### Your goal:
Your output should repeat the entries below exactly. It should contain no images.

--- Material supplied Enclosed Below ---

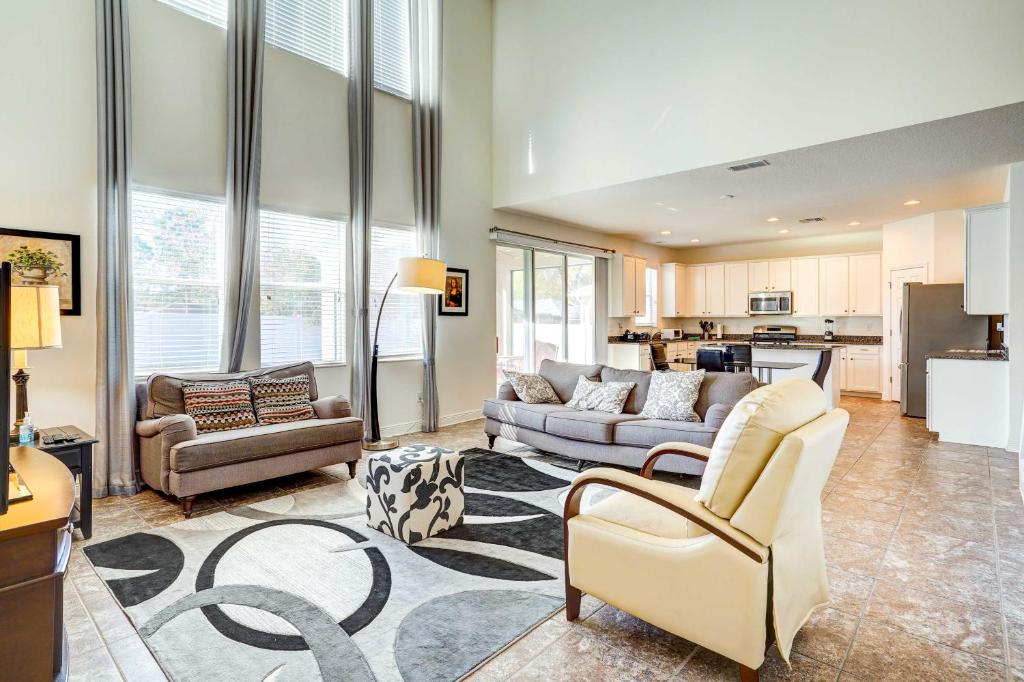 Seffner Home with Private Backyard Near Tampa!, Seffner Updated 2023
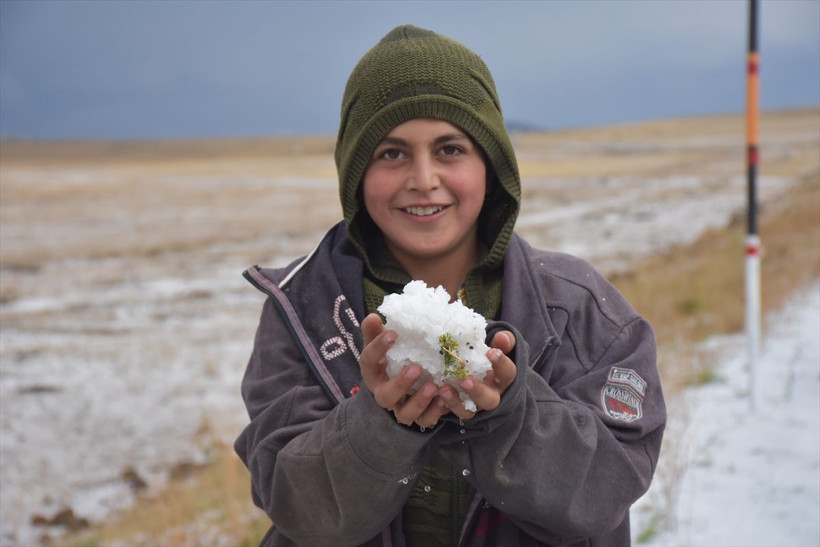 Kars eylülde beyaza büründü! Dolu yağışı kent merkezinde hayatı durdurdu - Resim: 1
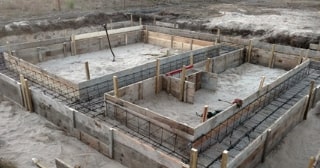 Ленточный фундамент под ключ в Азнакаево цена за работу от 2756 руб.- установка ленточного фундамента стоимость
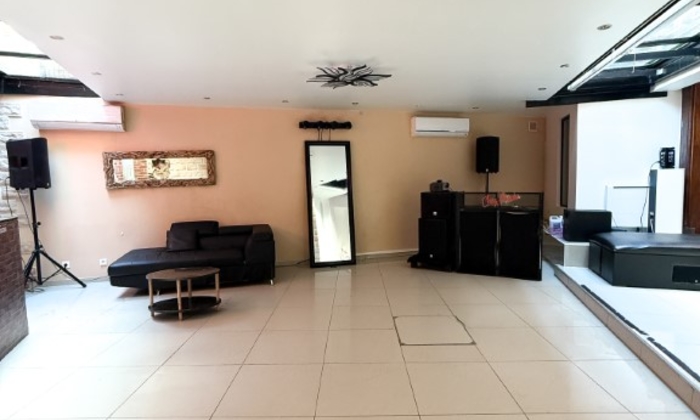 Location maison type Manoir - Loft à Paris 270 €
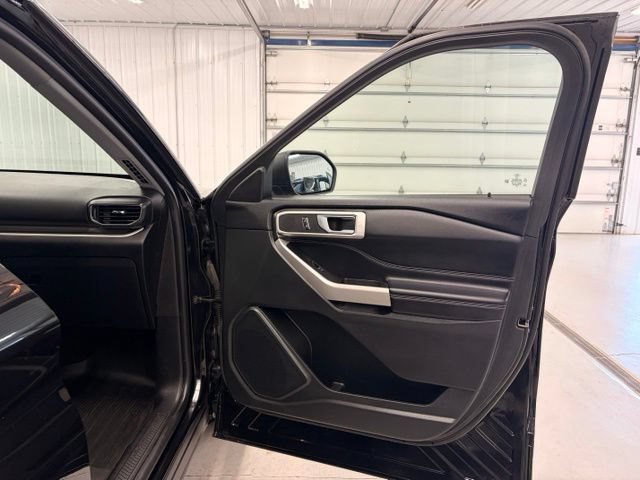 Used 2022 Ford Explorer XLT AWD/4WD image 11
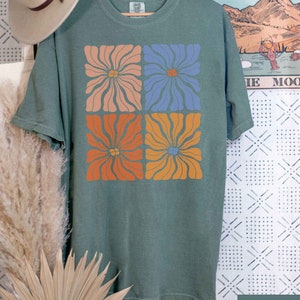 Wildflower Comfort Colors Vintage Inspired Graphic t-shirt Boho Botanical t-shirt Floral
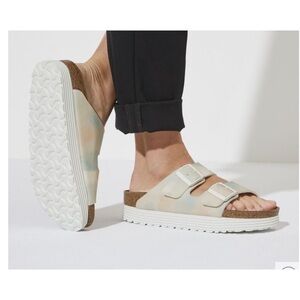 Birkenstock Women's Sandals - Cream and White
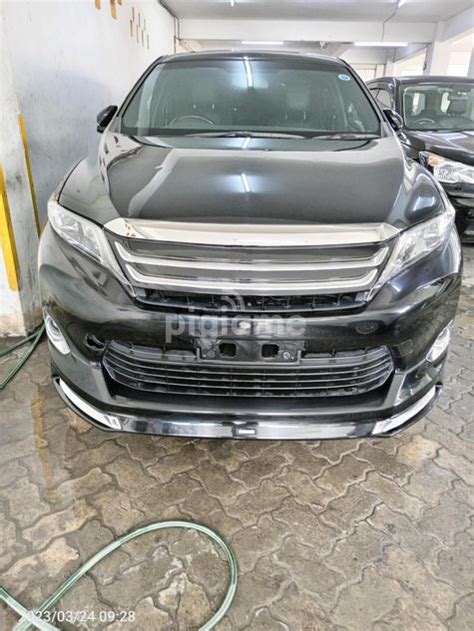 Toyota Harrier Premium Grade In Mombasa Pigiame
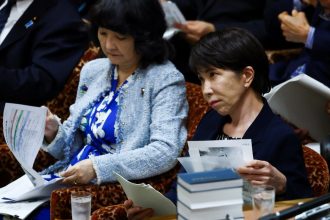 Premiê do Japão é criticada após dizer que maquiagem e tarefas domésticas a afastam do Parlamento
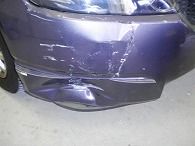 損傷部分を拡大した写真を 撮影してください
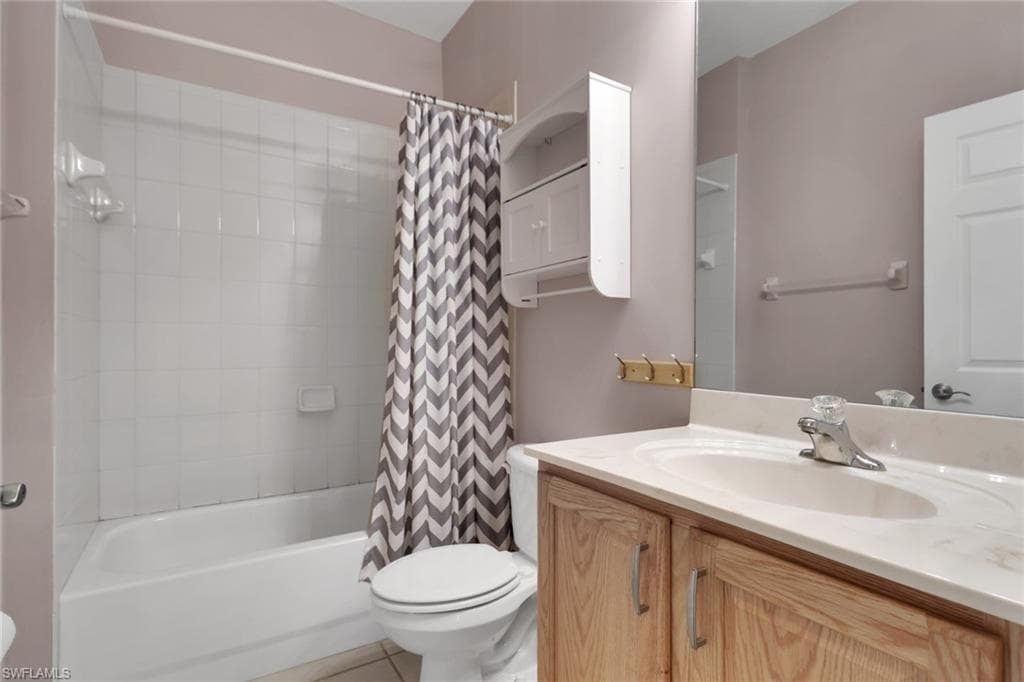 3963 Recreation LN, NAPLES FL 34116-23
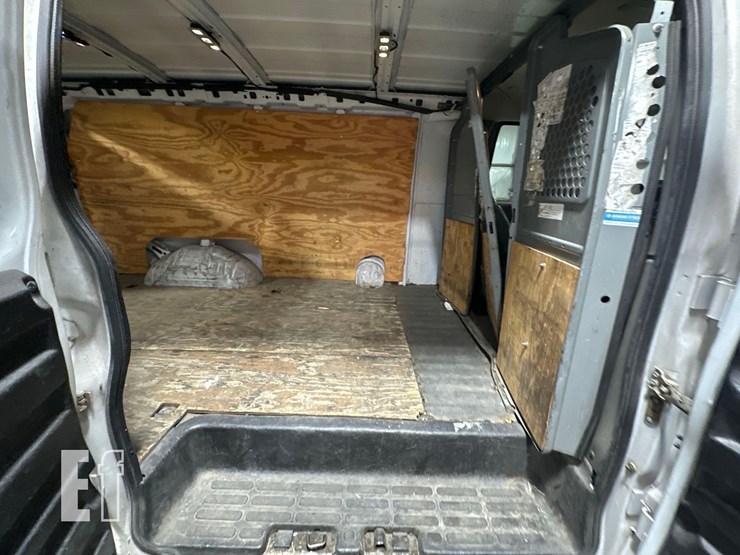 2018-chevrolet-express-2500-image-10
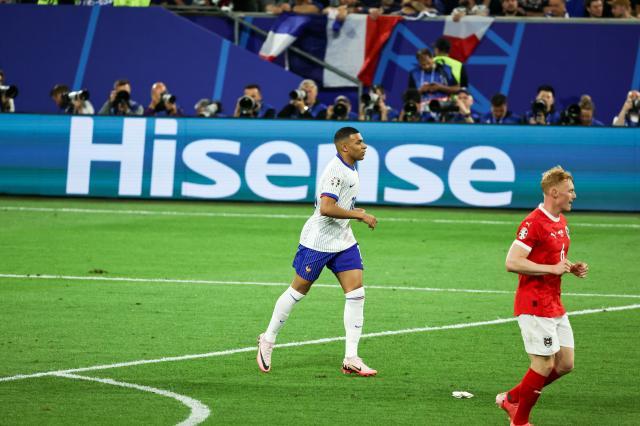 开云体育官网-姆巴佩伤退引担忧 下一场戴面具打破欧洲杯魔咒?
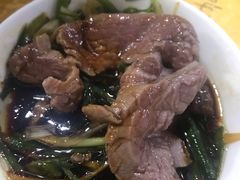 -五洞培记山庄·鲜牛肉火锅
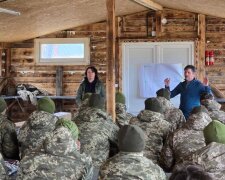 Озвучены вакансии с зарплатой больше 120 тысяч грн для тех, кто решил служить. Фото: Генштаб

--- End of Enclosed Material supplied ---

### Worked solution:
 Seffner Home with Private Backyard Near Tampa!, Seffner Updated 2023
 Kars eylülde beyaza büründü! Dolu yağışı kent merkezinde hayatı durdurdu - Resim: 1
 Ленточный фундамент под ключ в Азнакаево цена за работу от 2756 руб.- установка ленточного фундамента стоимость
 Location maison type Manoir - Loft à Paris 270 €
 Used 2022 Ford Explorer XLT AWD/4WD image 11
 Wildflower Comfort Colors Vintage Inspired Graphic t-shirt Boho Botanical t-shirt Floral
 Birkenstock Women's Sandals - Cream and White
 Toyota Harrier Premium Grade In Mombasa Pigiame
 Premiê do Japão é criticada após dizer que maquiagem e tarefas domésticas a afastam do Parlamento
 損傷部分を拡大した写真を 撮影してください
 3963 Recreation LN, NAPLES FL 34116-23
 2018-chevrolet-express-2500-image-10
 开云体育官网-姆巴佩伤退引担忧 下一场戴面具打破欧洲杯魔咒?
 -五洞培记山庄·鲜牛肉火锅
 Озвучены вакансии с зарплатой больше 120 тысяч грн для тех, кто решил служить. Фото: Генштаб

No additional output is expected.